Esta semana se inició con la celebración de la 52 edición de la Super Bowl (partido final del campeonato profesional de fútbol americano), el mayor evento deportivo que existe en el mundo actual, que aúna los ingredientes que caracterizan el deporte de alta competición: espectáculo, polémica, pasión… dinero; en suma, deporte y capitalismo, o viceversa. Un show metadeportivo que disputaron los New England Patriots y los Philadelphia Eagle, cuya victoria final se apuntaron los últimos contra pronóstico. Las cifras que mueve el evento marean: 120 millones de espectadores solo en EE.UU y más de 200 cadenas de todo el mundo retransmitiendo el partido, que agregan 100 millones de espectadores adicionales. El dinero que concita la Super Bowl es descomunal. Los Eagles, dueños del Vince Lombardi 2018 (trofeo de la competición), recibirán un premio de 112 mil dólares por cada jugador, que para los de los Patriots será de 56.000. A estas cantidades hay que sumar los 79 mil dólares que ambos equipos consiguieron al vencer en los dos partidos de playoffs de sus respectivas conferencias. Una fortuna que, como otras, tiene eco en la revista Forbes, que desde la neoyorkina Quinta Avenida publica anualmente, desde 1986, su lista de las personas más ricas del mundo. Según ella, en el ámbito del deporte, los cracks mejor pagados en 2017 fueron Ronaldo (93 millones de dólares), LeBron James (86), Messi (80), Federer (64) y Kevin Durand (60,6). Es decir, dos futbolistas, dos jugadores de baloncesto y un tenista.

Pues bien, estas descomunales ganancias, cuya magnitud supera mi capacidad de apreciación, apenas son nada comparadas con la fortuna que amasó el amigo Diocles. Según los cálculos que ha realizado el investigador Peter Struck, profesor de Estudios Clásicos en la Universidad de Pensilvania, ganó a lo largo de su carrera 35.863.120 sestercios –el equivalente a 15.000 millones de dólares–, cifra lejos del alcance de cualquiera de los megacraks mencionados que, por otro lado, está acreditada en la inscripción monumental que le dedicaron sus admiradores y compañeros de profesión cuando murió.

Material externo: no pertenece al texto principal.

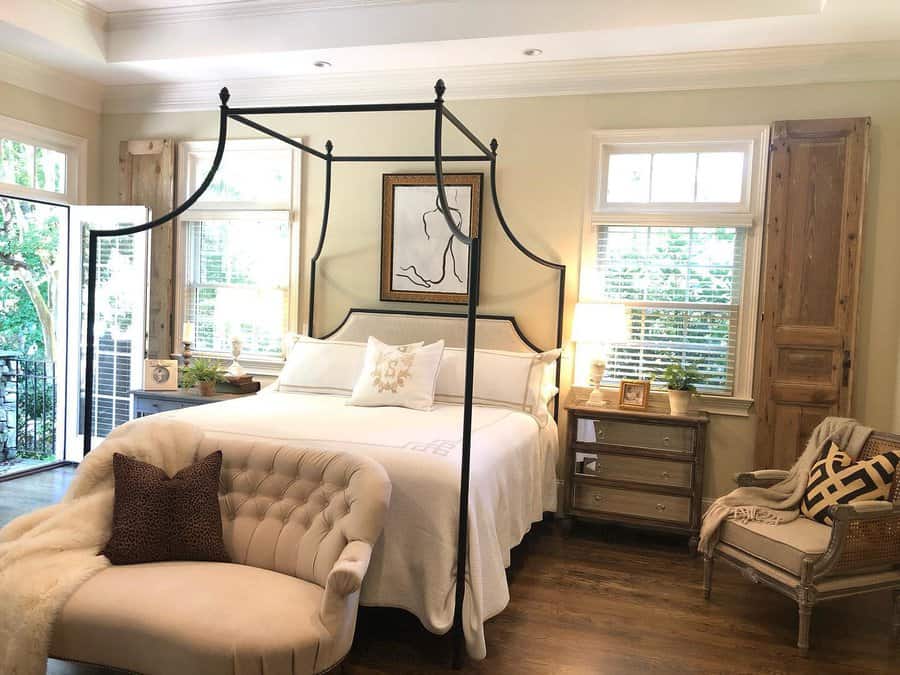 Elegant canopy bed with a curved black metal frame, crisp white bedding, and a tufted bench, creating a classic and sophisticated bedroom retreat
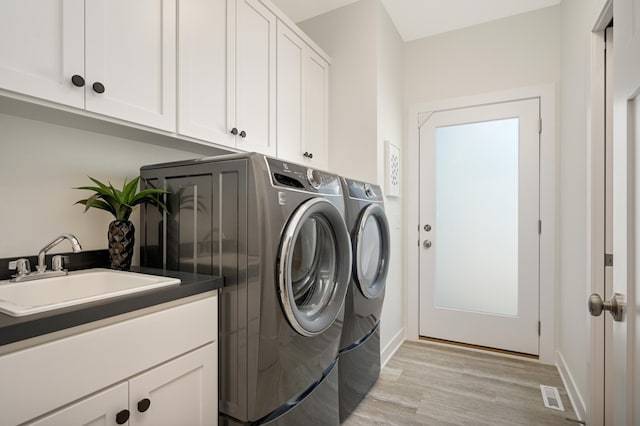 laundry area with visible vents, washer and dryer, light wood-style floors, cabinet space, and a sink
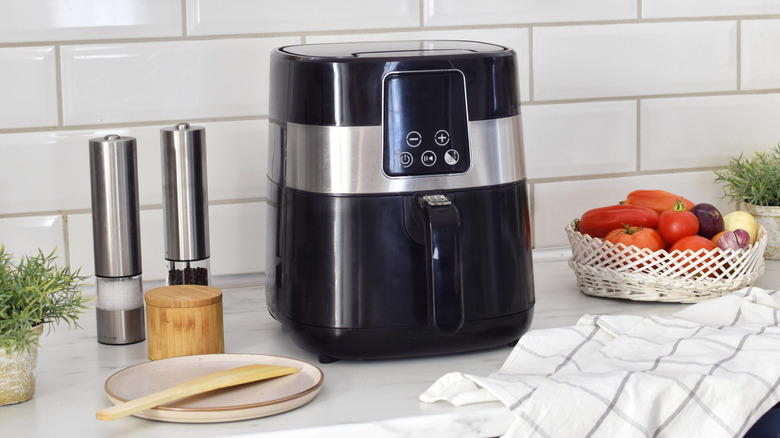 Air fryer on countertop with white tile backsplash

Y es que alrededor de este auriga se creó una aureola gracias a la cual sus ingresos económicos se multiplicaron. De su fortuna solo tenemos noticia de las rentas consolidadas por las carreras ganadas. Pero no todo acababa ahí. Debe tenerse en cuenta que el merchandising de la época en torno a gladiadores y aurigas incluía todo tipo de objetos: lámparas de aceite con la efigie del deportista, que se vendían en mercados y en los propios eventos; mosaicos conmemorativos equivalentes a los posters actuales; estelas; estatuillas... Incluso los nombres de los caballos se incluían en estos elementos. Para hacernos una idea de cómo eran las cosas, baste recordar que el emperador Calígula nombró cónsul a su caballo favorito, Incitatus. Así pues, ya entonces la capacidad de movilización de fans y seguidores generaba importantes ingresos adicionales a los premios, lo mismo que lo hacían las apuestas y el material promocional de los deportistas, que es fácilmente reconocible en los yacimientos de la época.

Nihil novum sub sole. Al final del camino, tutto cambia perché nulla cambi: imperio, panem et circenses, merchandising... El cinismo de los que siempre prefieren las cosas a las personas, como Lampedusa. Puestos en este trance, me seduce mucho más la versión atlética, original y analógica, encarnada por Diocles, que la de sus remedos tecnologizados de la era de globalización.